The Writers Guild of America (WGA) released a video on Labor Day featuring Negotiating Committee co-chair Chris Keyser. Some 11,000 WGA members have been on strike since May 2. Tens of thousands of actors, members of the Screen Actors Guild–American Federation of Television and Radio Artists (SAG-AFTRA), have been on strike since July 14.

In the course of the eight-and-a-half-minute video, Keyser describes the ruthless treatment writers have been receiving at the hands of the studios and streaming services, only to declare near the conclusion, “We have never been the companies’ enemies. We are not their enemies now. We are their creative partners, first and foremost.”

Chris Keyser

Keyser represents a certain social type, affluent, well-connected in the industry, intimately tied to the Democratic Party, that controls the WGA and SAG-AFTRA union apparatus.

At one point, Keyser lists some of the writers’ complaints: “The erosion of pay. The abuse of screenwriters. The failure to protect Appendix A writers [writers on quiz shows, comedy-variety programs, documentaries and news programs] in the move to streaming. The dismantling of the writing process in episodic television. The threat of AI [artificial intelligence]. The refusal to provide streaming residuals that grow with viewership. Each of these things is an existential issue for some or all of us.”

The term “existential” has been thrown around a good deal in this strike.

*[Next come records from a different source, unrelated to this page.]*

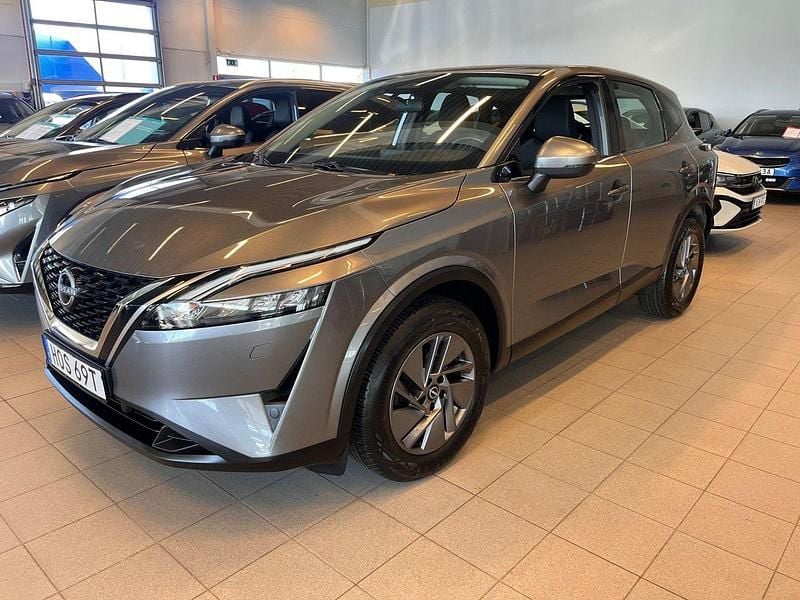 Grå Begagnad 2022 Nissan Qashqai Acenta SUV | 218 000 kr (Marknadspris) - Bild 1/4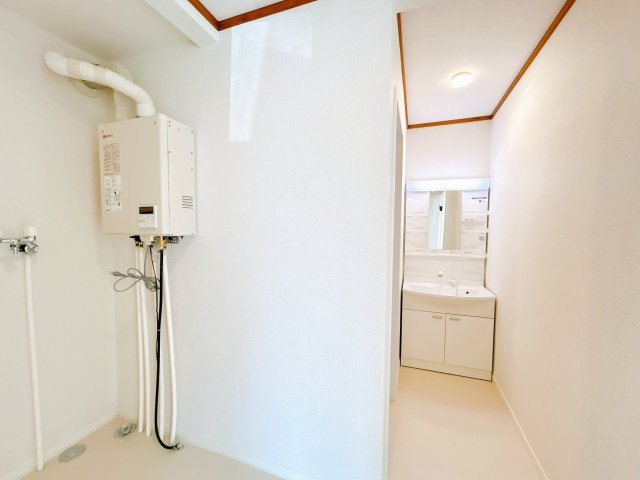 網走市駒場北４丁目７番６号　中古売家のキッチン|【同仕様写真・シンク】シンクは幅約74cmと、食器や鍋等まとめて洗えるサイズ感です。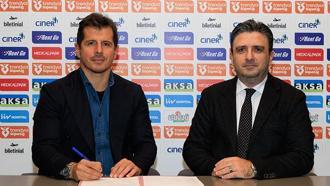 Kasımpaşa, Emre Belözoğlu ile sözleşme imzaladı
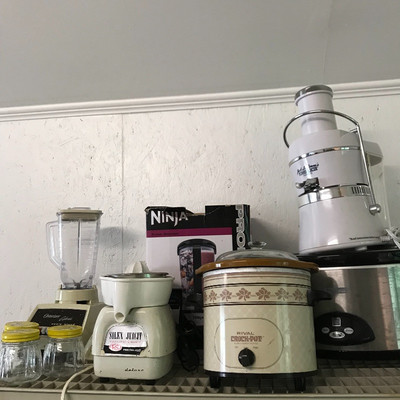 Lot 108 - Ninja and Other Small Appliances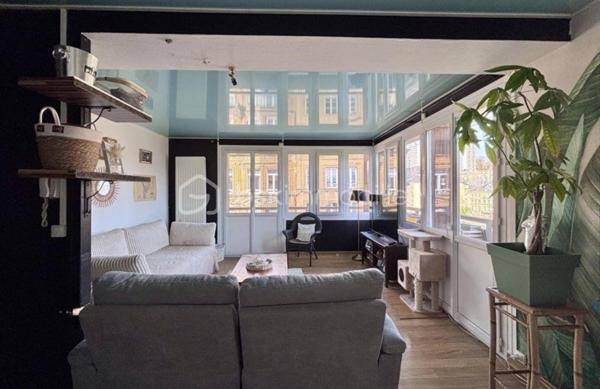 Sur la commune de Sedan, découvrons ce superbe appartement de 70 m² au style Parisien contemporain éclectique situé au 3èm étage d'un immeuble parfaitement entretenu en copropriété avec ascenseur

👉🏿Composition du bien : 

Entrée
Grand séjour lumineux
Un chambre
Cuisine
Salle de douche 
Wc 
Un coin bureau

✅Grande luminosité
✅Le balcon traversant tout l'appartement apporte le charme escompté
✅Les matériaux utilisés mélangent modernité et noblesse.
✅Chaudière gaz très récente
✅Cave
✅Grenier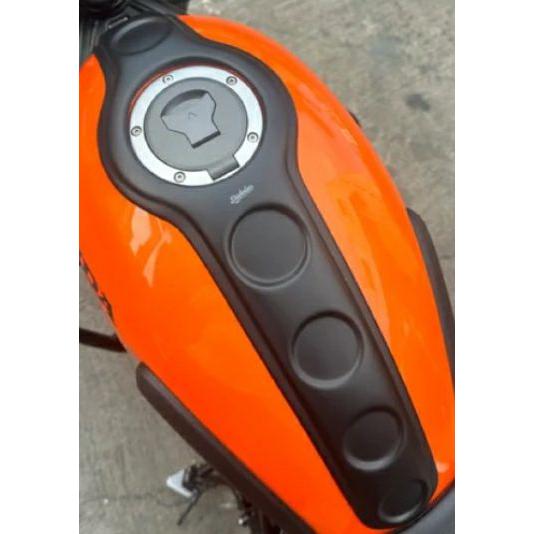 ホンダ CL250/CL500 タンクカバー ブラック K-SPEED ホンダ CL250/CL500 タンクカバー ブラック K-SPEED
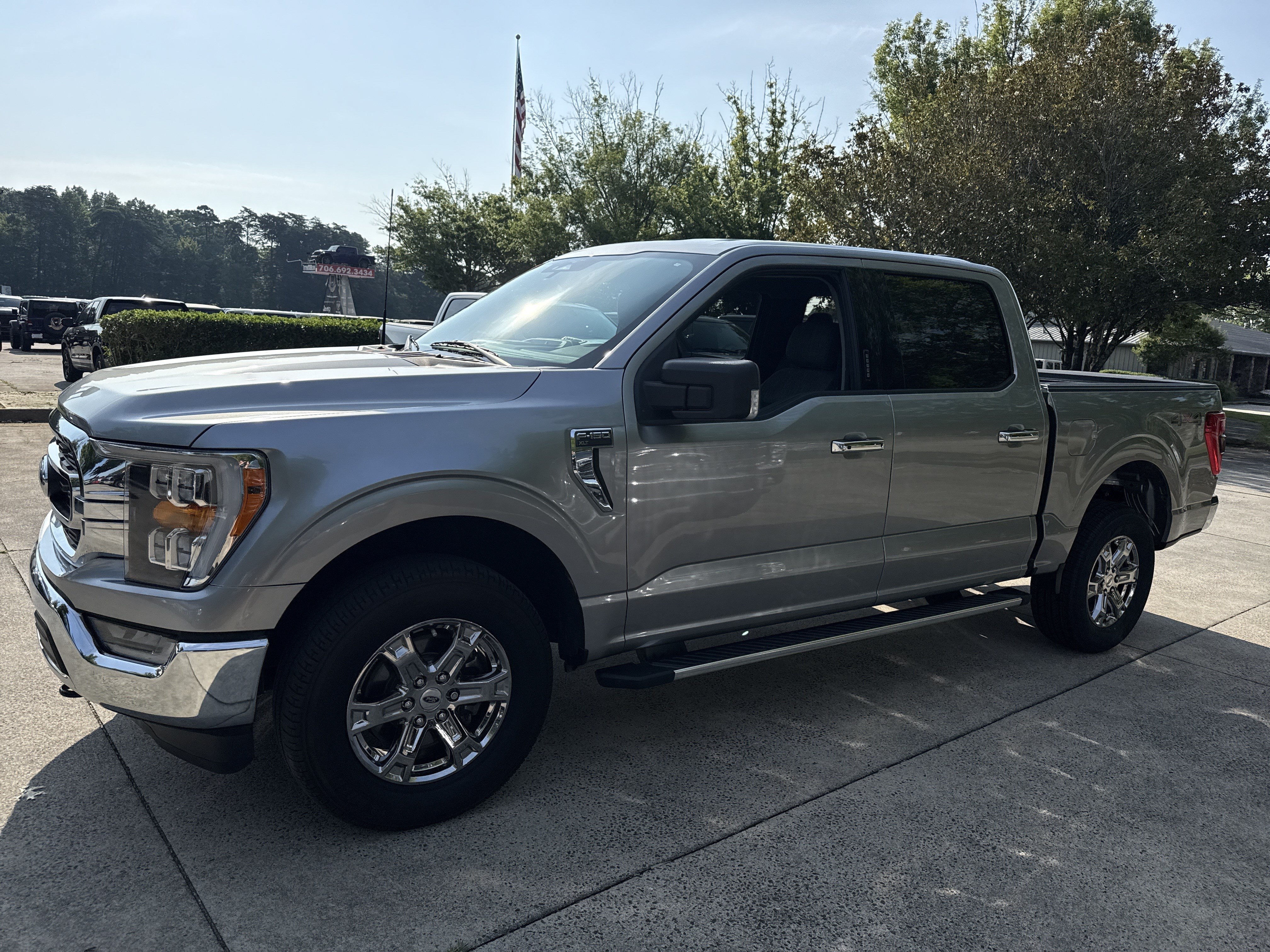 Used 2023 Silver Metallic Ford XLT image 4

When writers and actors use the word, it expresses the genuine fear they may not be able to continue in their profession, that the big entertainment companies have made conditions financially impossible for thousands of film and television writers and performers. They have been walking picket lines for months, making great sacrifices, because many have reached the point of no return. “We have no choice,” is a phrase that numerous actors and writers repeat. The present conflict with the employers and its outcome are life-and-death matters to countless strikers.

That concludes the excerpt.